(Web page caption snippets)
----------

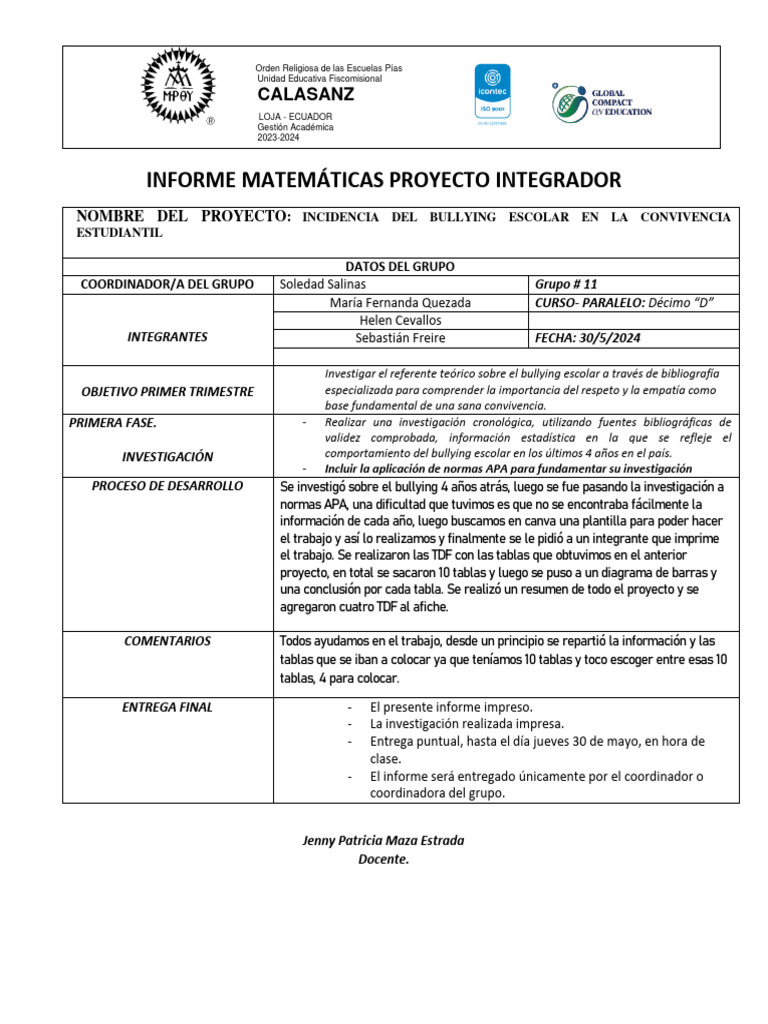 Informe Matemáticas Proyecto | PDF | Science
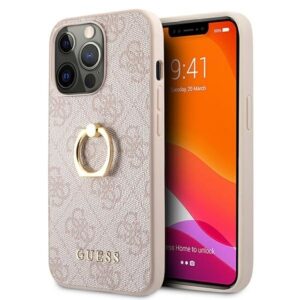 guess guhcp13l4gmrpi iphone 13 pro / 13 6,1" różowy/pink hardcase 4g with ring stand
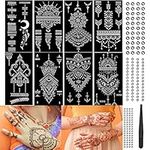 QSTOHENA Henna Tattoo Stencil Kit with 172Pcs Self-Adhesive Gems Rhinestone Stickers and 1 Tweezers,Reusable Indian Arabian Temporary Tattoo Templates for Body Art Painting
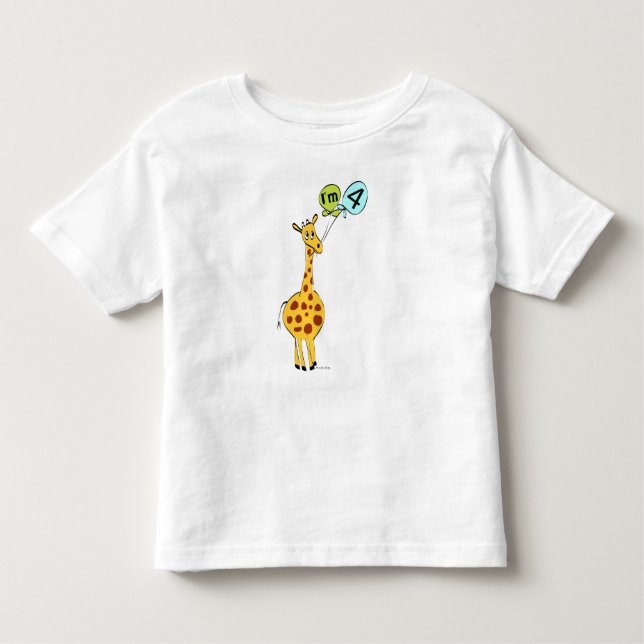 T-shirt Pour Les Tous Petits Giraffe du 4e anniversaire (Devant)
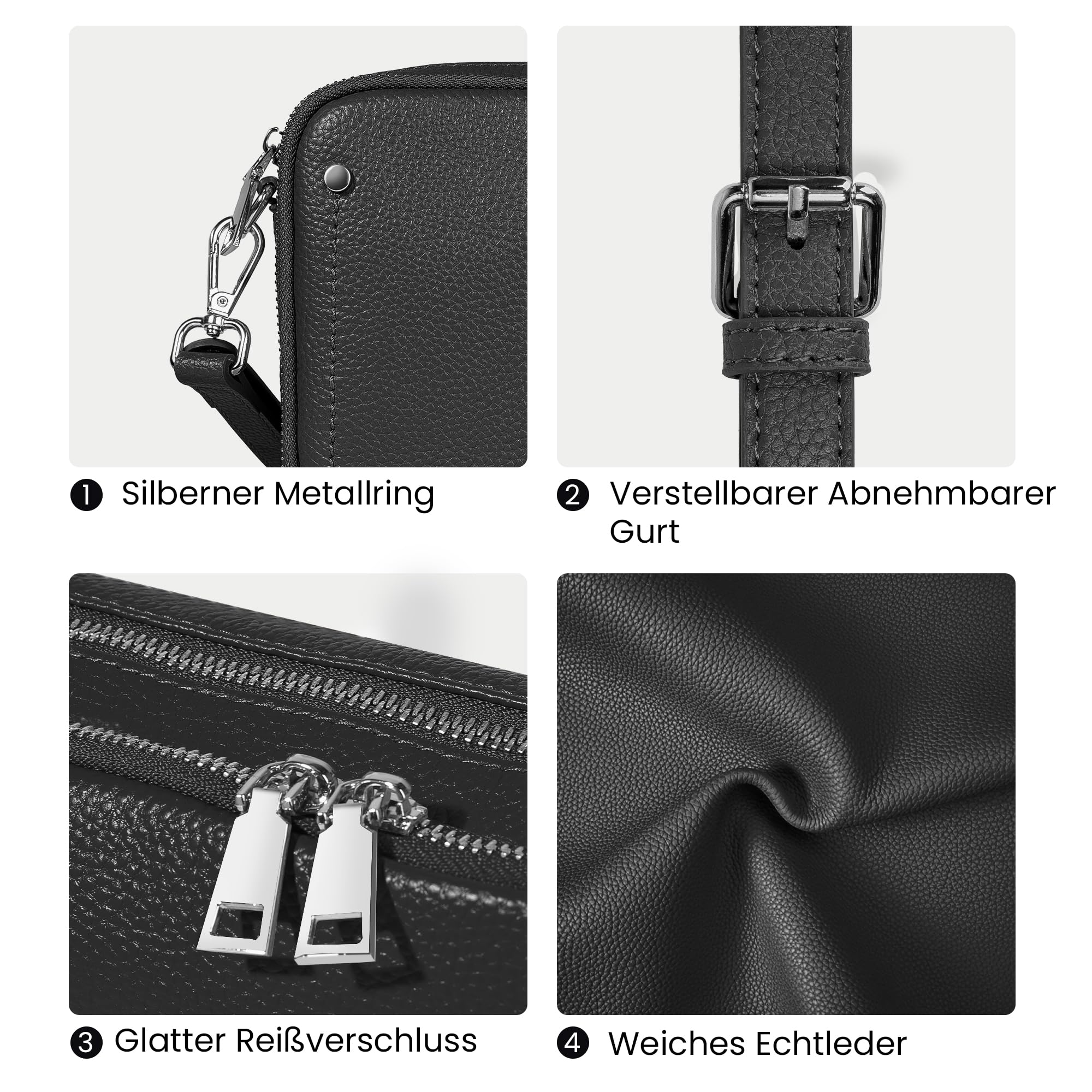 befen Echtleder Crossbody Bag Damen Klein RFID-Blockierung Handy Umhängetasche Damen Handytasche zum Umhängen, Moderne Leder Handtasche Kleine für Arbeiten Einkaufen Reisen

----------

*Your assignment*: All pictures are to be skipped. Output, word for word, the lines in the data above starting at the line containing "guess guhcp13l4gmrpi iphone" and ending at the line containing "QSTOHENA Henna Tattoo".

*Exercise result*:
 guess guhcp13l4gmrpi iphone 13 pro / 13 6,1" różowy/pink hardcase 4g with ring stand
 QSTOHENA Henna Tattoo Stencil Kit with 172Pcs Self-Adhesive Gems Rhinestone Stickers and 1 Tweezers,Reusable Indian Arabian Temporary Tattoo Templates for Body Art Painting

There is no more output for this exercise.